— Data shown —
───
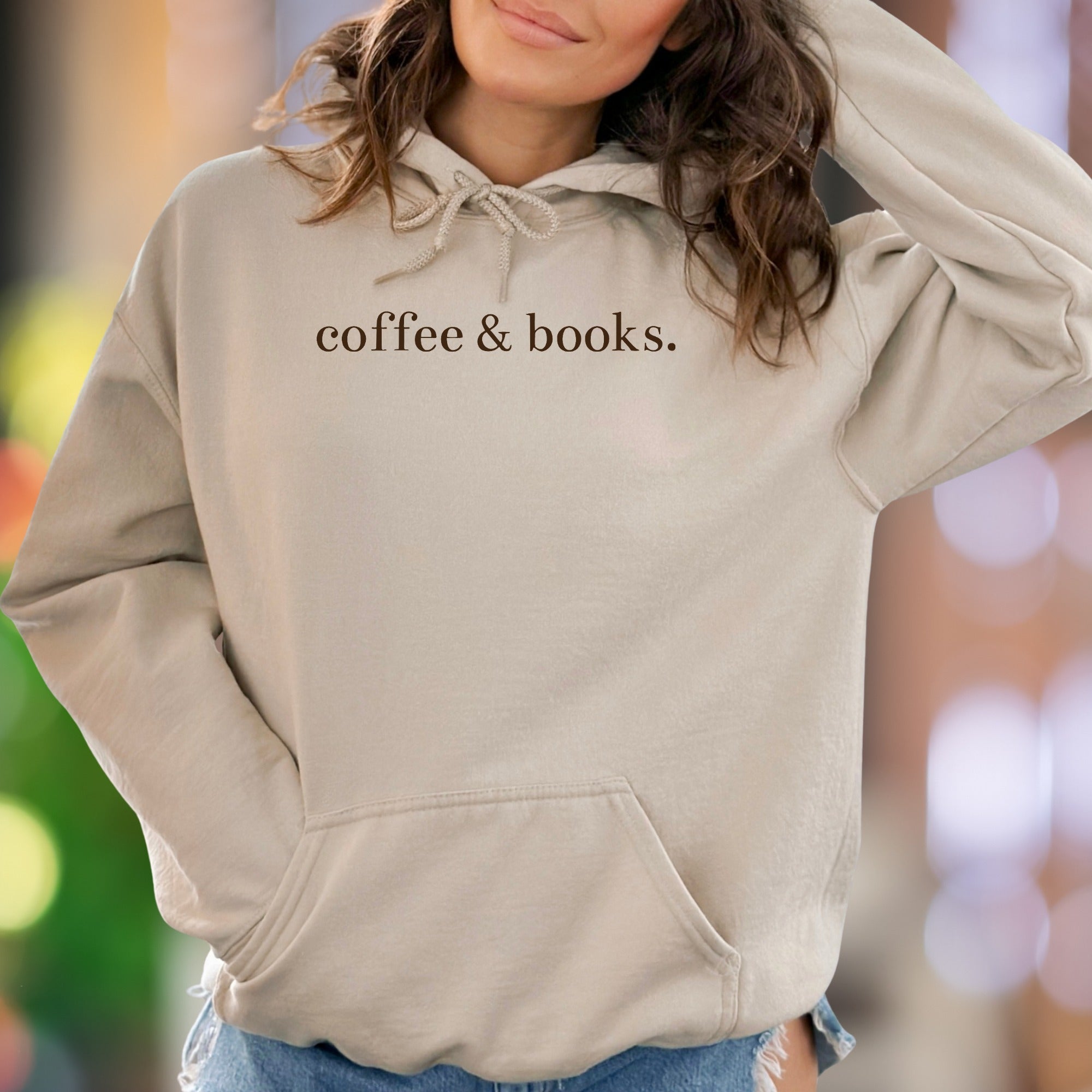 "coffee & books." | Minimal Typography Unisex Adult Hoodie | Relaxed Lifestyle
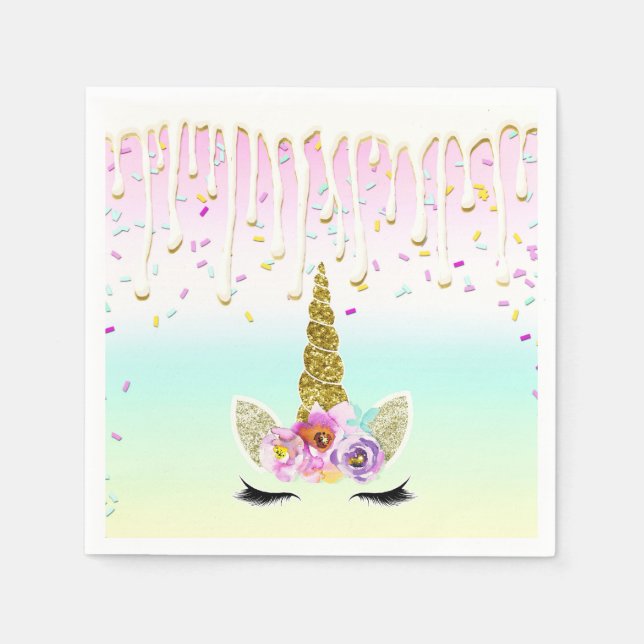 Unicorn Pastel Rainbow Frosting Drip Birthday Napkin (Front)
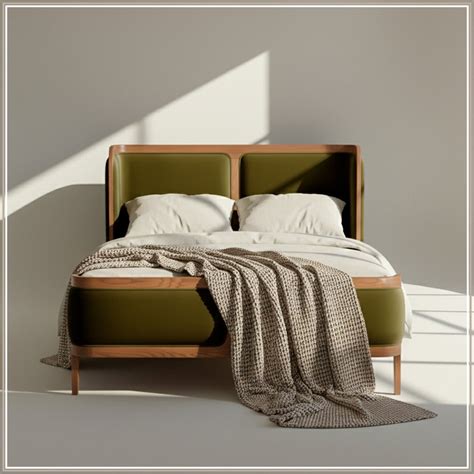 Valerio Duo-Panel Luxe King Size Bed in Olive Velvet with Oak wood Fra ...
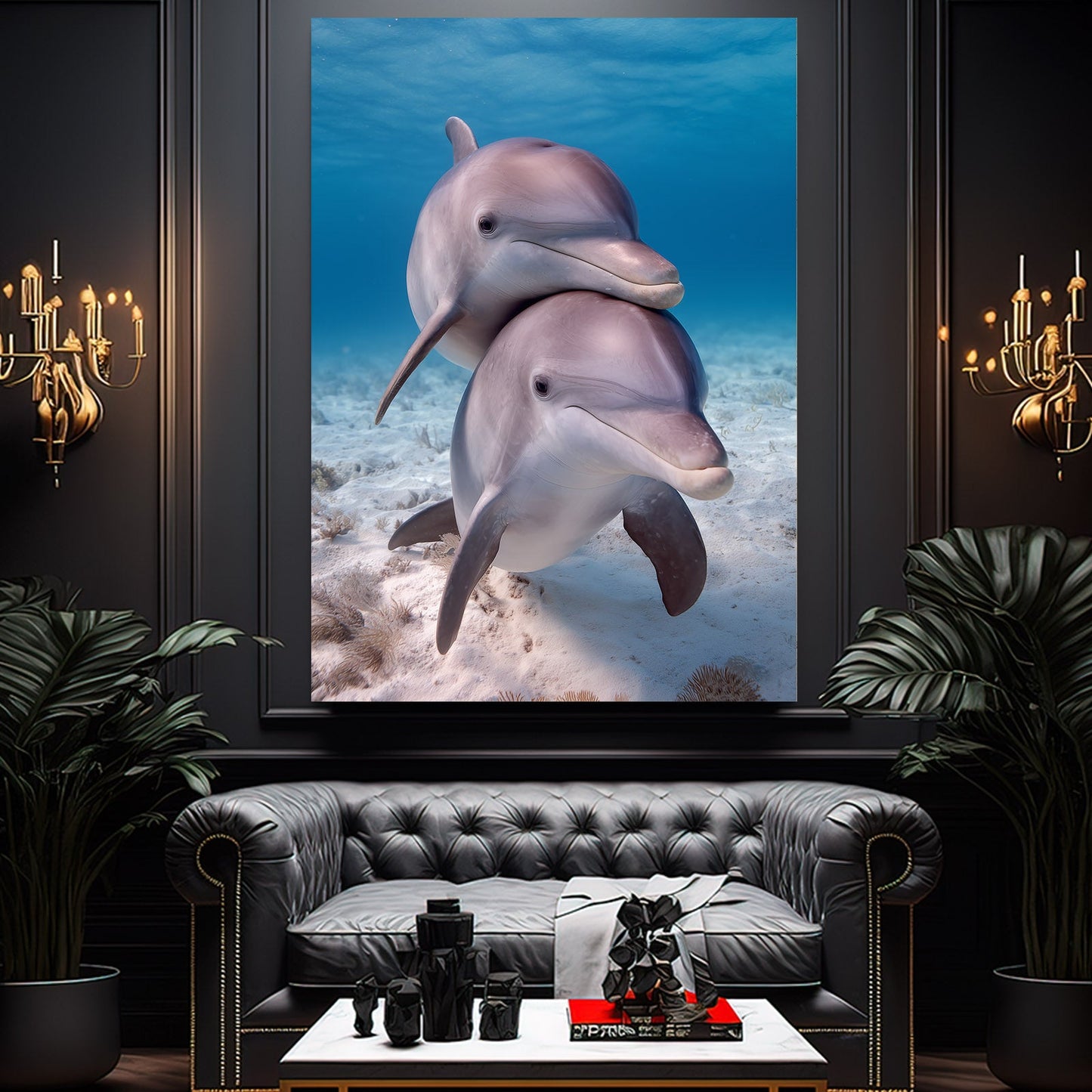 Sandy Shallows Dolphin Print – styled in a furnished interior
───
— Directions for this task —
The result should be a transcript of the lines from the line containing "Unicorn Pastel Rainbow" through the end of the listing above, exact, inclusive, and without pictures.

— Exercise answer —
 Unicorn Pastel Rainbow Frosting Drip Birthday Napkin (Front)
 Valerio Duo-Panel Luxe King Size Bed in Olive Velvet with Oak wood Fra ...
 Sandy Shallows Dolphin Print – styled in a furnished interior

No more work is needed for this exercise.